Data excerpts
==============================
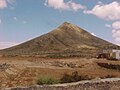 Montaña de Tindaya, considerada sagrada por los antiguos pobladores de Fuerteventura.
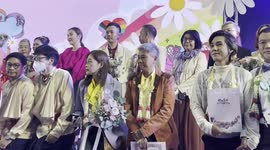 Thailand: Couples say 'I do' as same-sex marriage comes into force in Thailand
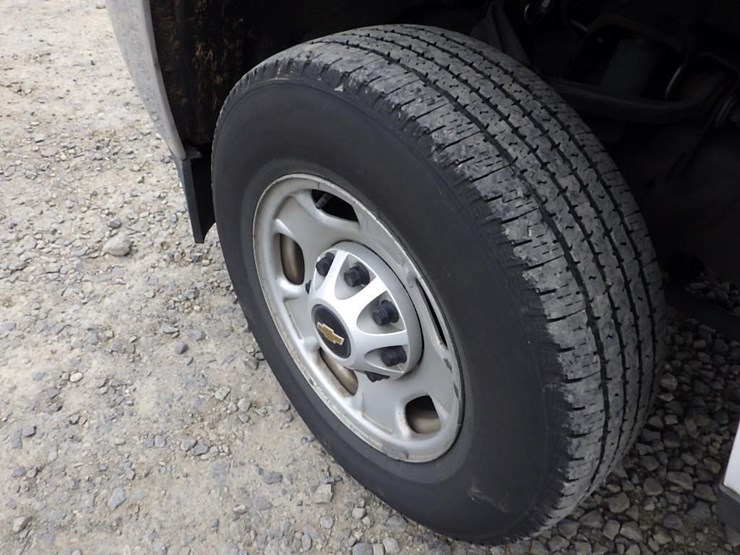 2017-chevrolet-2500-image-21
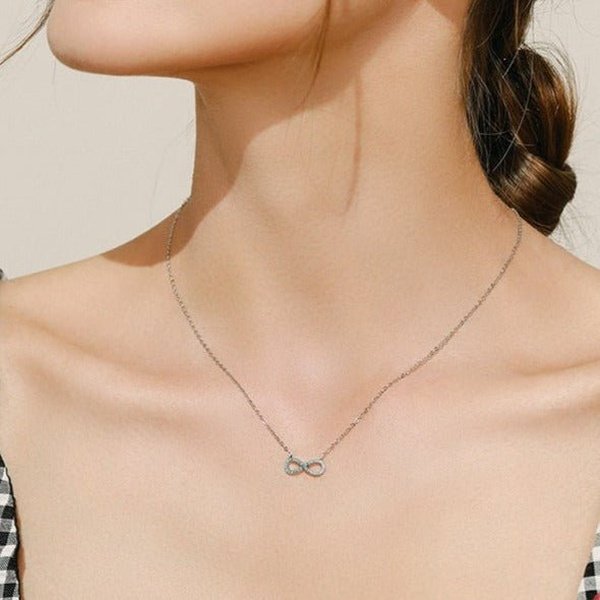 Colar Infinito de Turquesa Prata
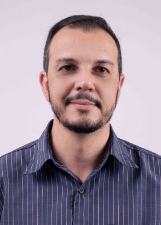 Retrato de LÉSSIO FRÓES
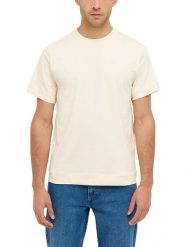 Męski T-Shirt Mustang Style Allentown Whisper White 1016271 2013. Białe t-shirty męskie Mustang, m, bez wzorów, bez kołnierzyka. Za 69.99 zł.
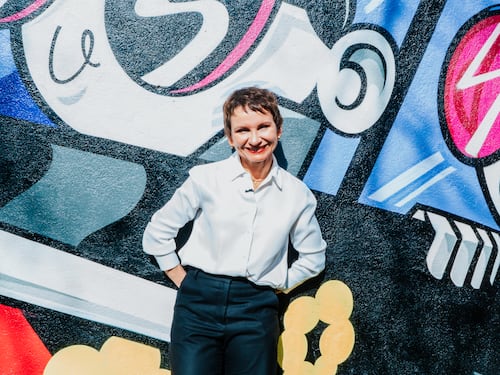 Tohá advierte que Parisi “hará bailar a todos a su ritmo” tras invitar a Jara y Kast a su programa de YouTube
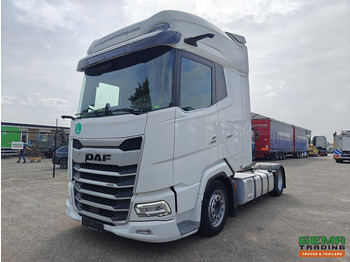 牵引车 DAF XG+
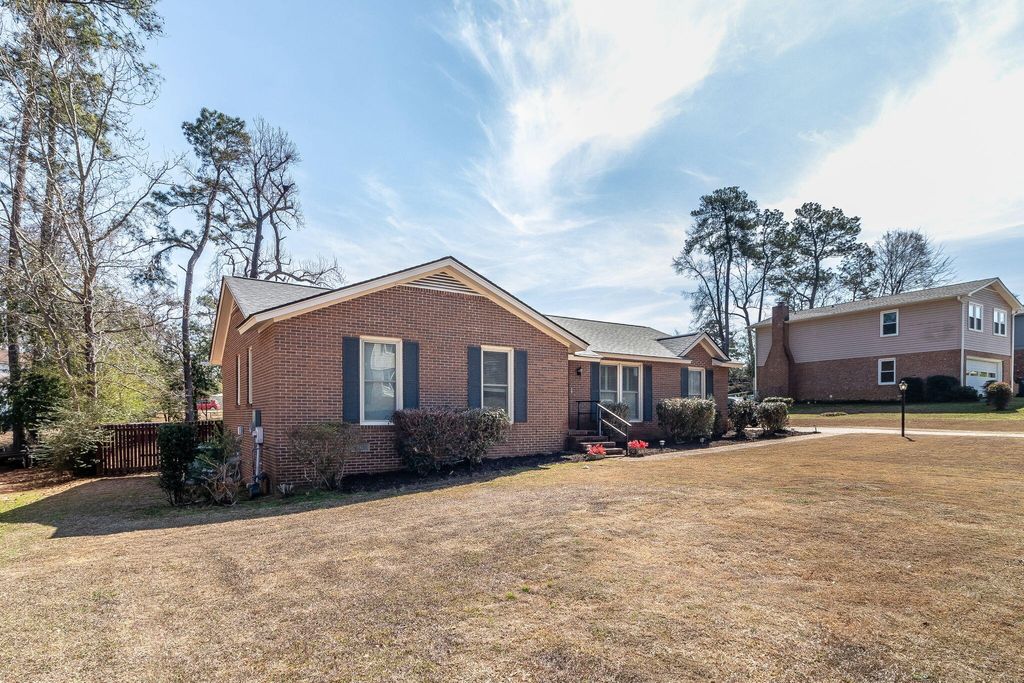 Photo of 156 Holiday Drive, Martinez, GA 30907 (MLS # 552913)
==============================
§ **WHAT THE TASK ASKS**
Going through the records above line by line, transcribe each one exactly and skip any pictures.

§ **SOLUTION**
 Montaña de Tindaya, considerada sagrada por los antiguos pobladores de Fuerteventura.
 Thailand: Couples say 'I do' as same-sex marriage comes into force in Thailand
 2017-chevrolet-2500-image-21
 Colar Infinito de Turquesa Prata
 Retrato de LÉSSIO FRÓES
 Męski T-Shirt Mustang Style Allentown Whisper White 1016271 2013. Białe t-shirty męskie Mustang, m, bez wzorów, bez kołnierzyka. Za 69.99 zł.
 Tohá advierte que Parisi “hará bailar a todos a su ritmo” tras invitar a Jara y Kast a su programa de YouTube
 牵引车 DAF XG+
 Photo of 156 Holiday Drive, Martinez, GA 30907 (MLS # 552913)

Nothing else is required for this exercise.